◆ EXERCISE PROMPT:
The lines from the one containing "зеленый - 2" through the last line below, both ends included, must be reproduced exactly, with no pictures.
Start of MATERIAL SHOWN
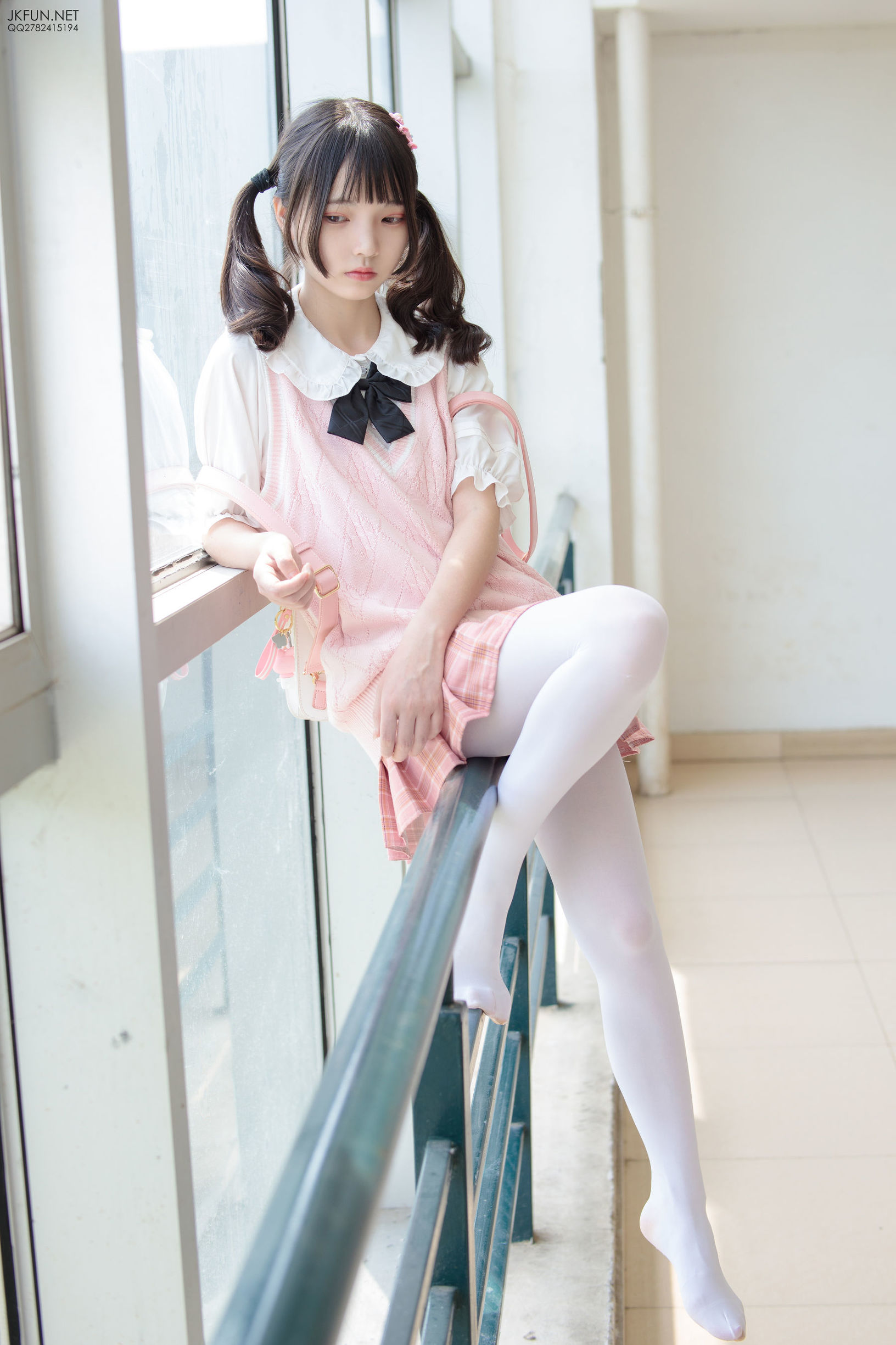 Sen Luo Consortium] JKFUN-007 Mo Mo 80D White Silk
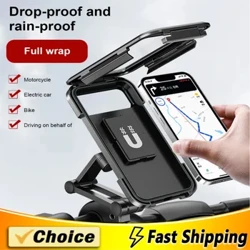 Tahan Air Sepeda Motor Dudukan Ponsel Dukungan Universal Sepeda GPS 360° Putar Adjustable Dudukan Ponsel Sepeda Motor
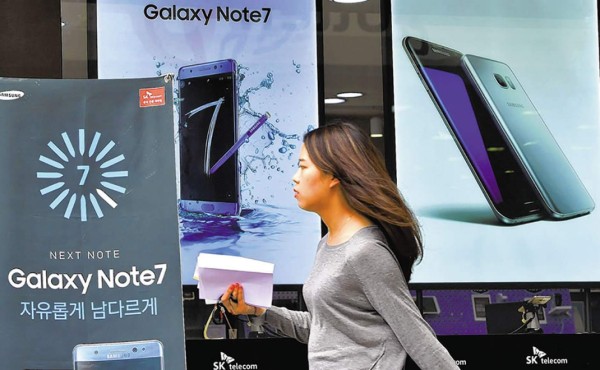 Samsung se apresura a controlar el daño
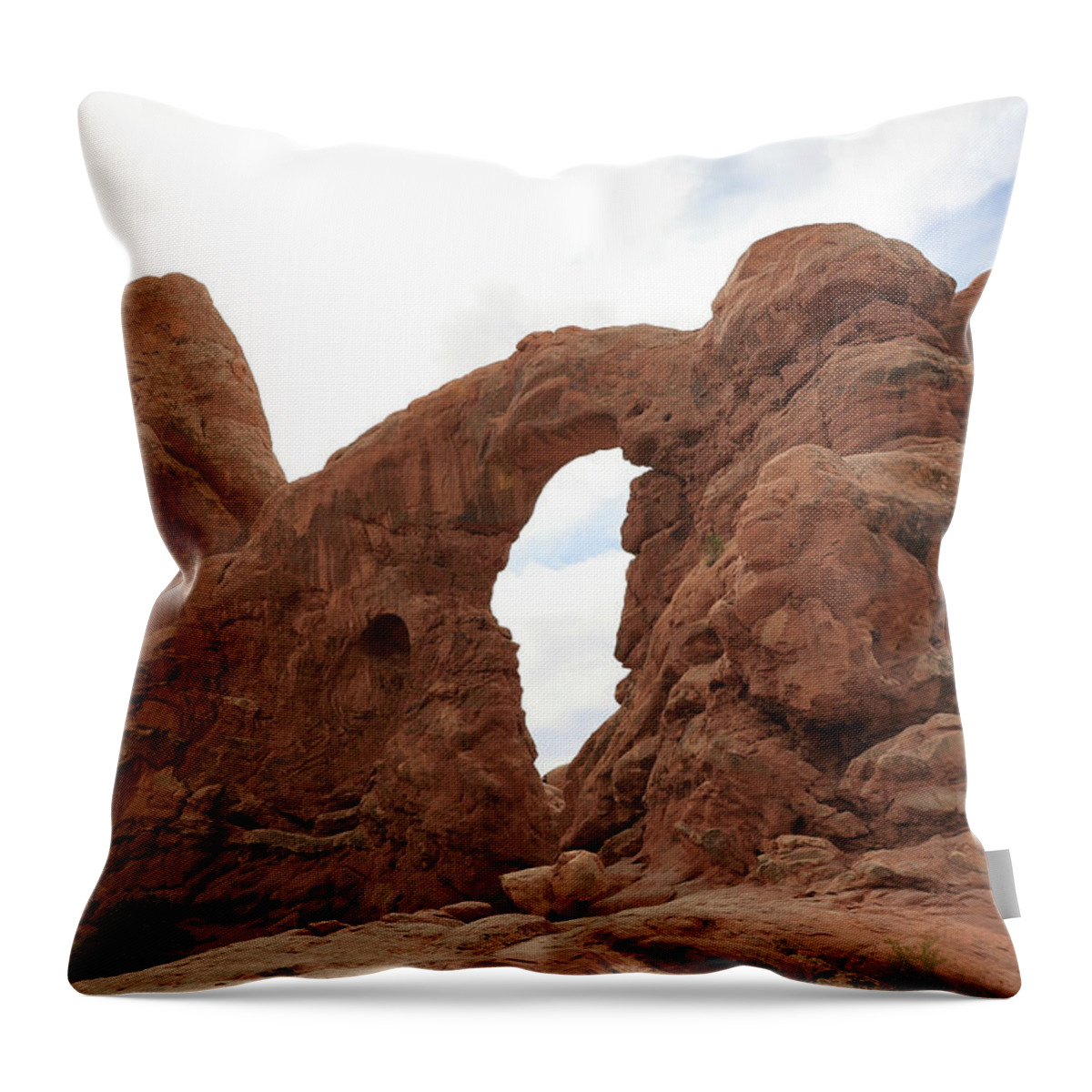 Arches Throw Pillow featuring the photograph Arches National Park, Utah - Turret Arch by Richard Krebs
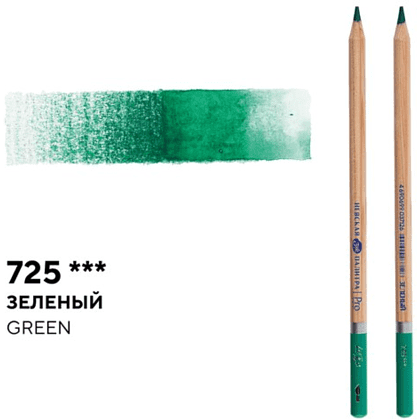 Карандаш акварельный "Белые ночи", 725, зеленый - 2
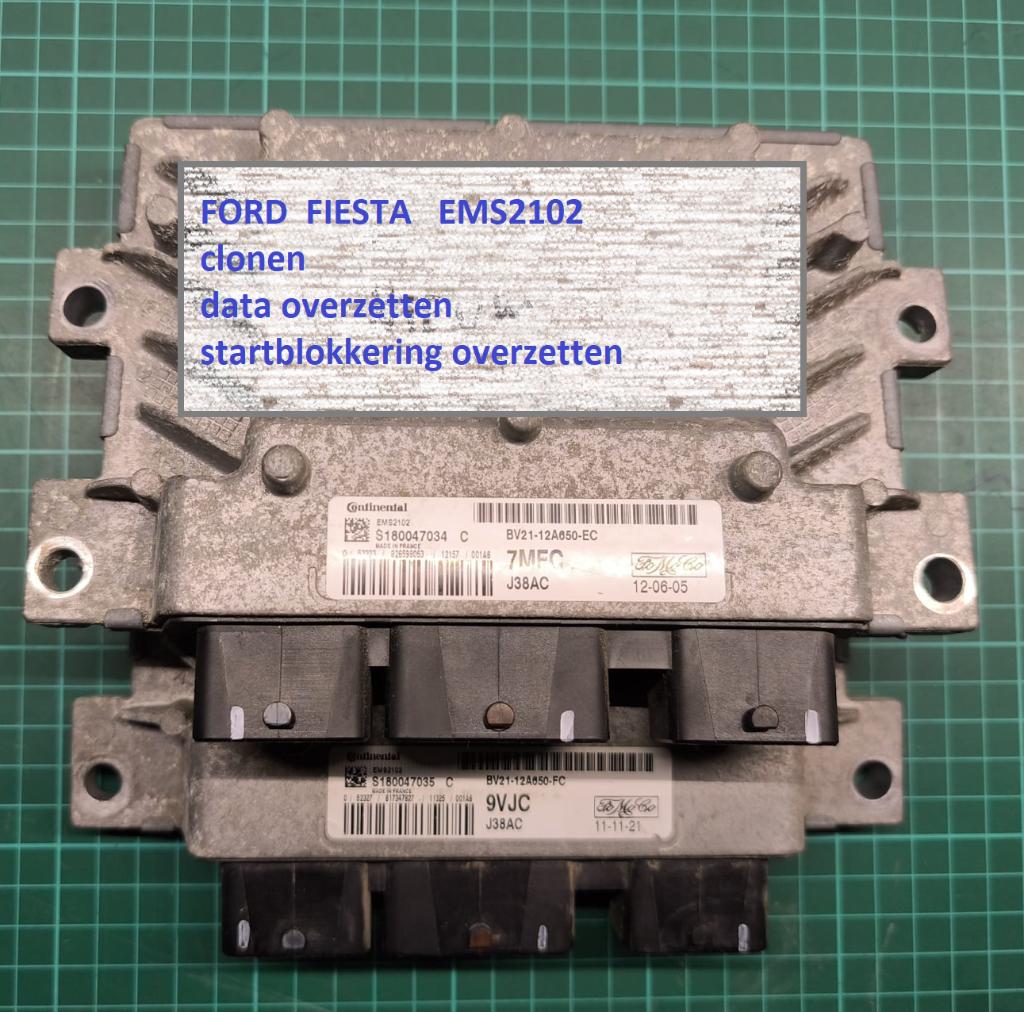 Ford Fiesta EMS2102 ecu clonen, Ophalen of Verzenden, Gebruikt, Ford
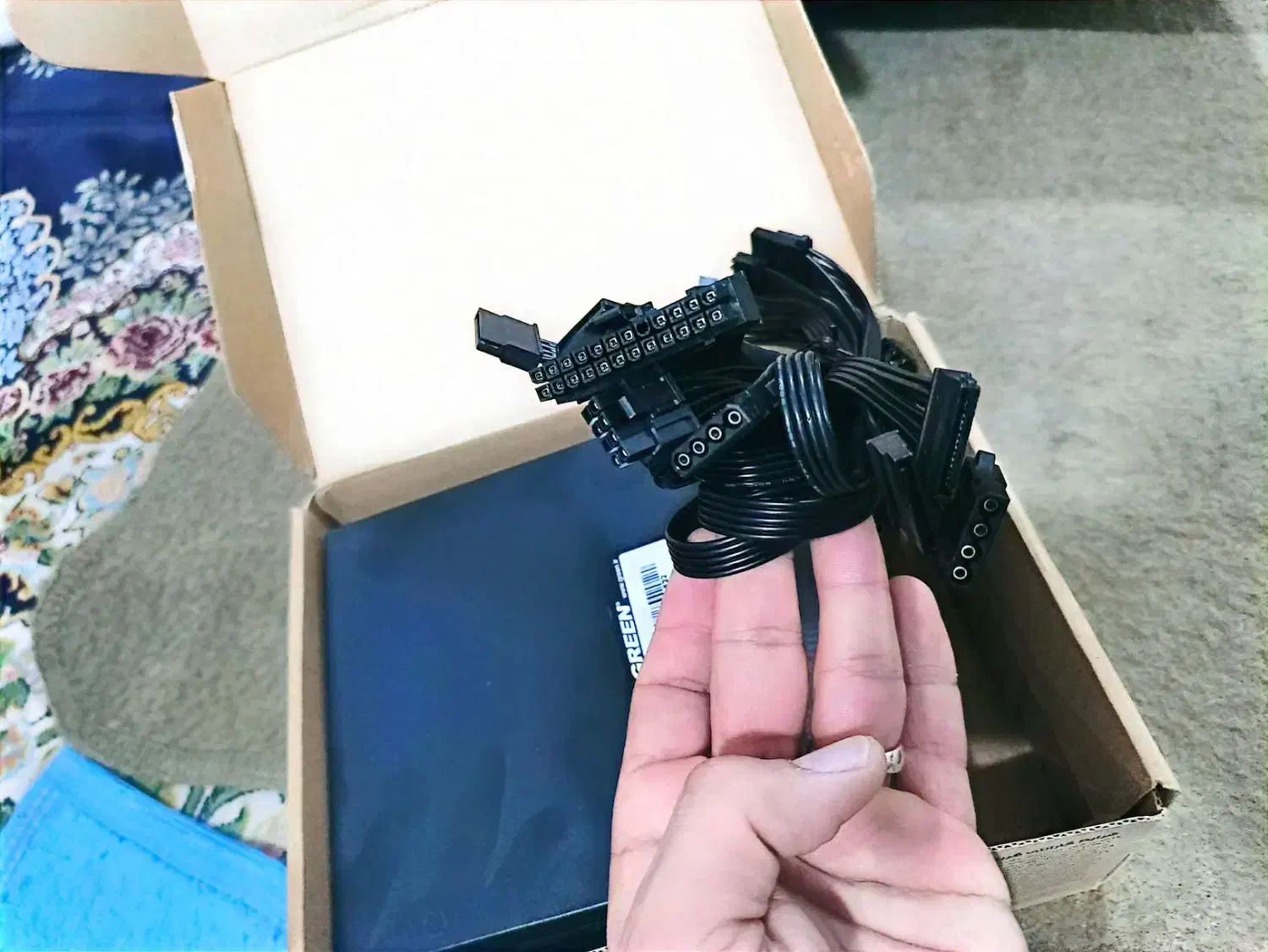 منبع تغذیه کامپوتر/ پاورگرین|قطعات و لوازم جانبی رایانه|بیرجند, |دیوار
End of MATERIAL SHOWN
◆ OUTPUT FOR THIS EXERCISE:
 Карандаш акварельный "Белые ночи", 725, зеленый - 2
 Ford Fiesta EMS2102 ecu clonen, Ophalen of Verzenden, Gebruikt, Ford
 منبع تغذیه کامپوتر/ پاورگرین|قطعات و لوازم جانبی رایانه|بیرجند, |دیوار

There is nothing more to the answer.